Cloud

What Is Microsoft Azure? A Plain-English Guide for Business Owners

Azure is Microsoft's cloud platform — but the name means different things to different businesses. Here's a practical explanation of what Azure is and how it might benefit yours.

Microsoft Azure is Microsoft's cloud computing platform — a global network of data centers that provides computing power, storage, networking, databases, and hundreds of other services on demand. For most small businesses, Azure interaction is indirect (through Microsoft 365). But there are scenarios where Azure is directly relevant.

Azure vs Microsoft 365: What's the Difference?

Microsoft 365 is a finished product — email, Teams, Office apps, OneDrive. Azure is the platform underneath — raw cloud infrastructure and services. You use Azure when you want to run custom applications, virtual machines, databases, or development environments in Microsoft's cloud. Most small businesses use M365 and never touch Azure directly.

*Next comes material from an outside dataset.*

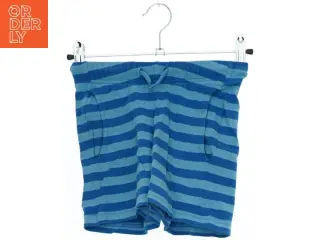 Stribede shorts med lommer fra Dyr Cph (str. 98)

When Small Businesses Use Azure

  • Running Windows Server virtual machines in the cloud instead of on-premise hardware
  • Hosting a custom business application or database
  • Azure Active Directory — used by Microsoft 365 for identity management
  • Azure Backup — enterprise backup for on-premise servers to Azure cloud storage
  • Azure Virtual Desktop — remote desktop sessions hosted in Azure

Azure for Disaster Recovery

One practical Azure use case for small businesses is as a disaster recovery target. Azure Site Recovery can replicate your on-premise virtual machines to Azure, so if your office hardware fails, you can spin up those systems in Azure within hours. For businesses with critical uptime requirements, this is a cost-effective DR solution.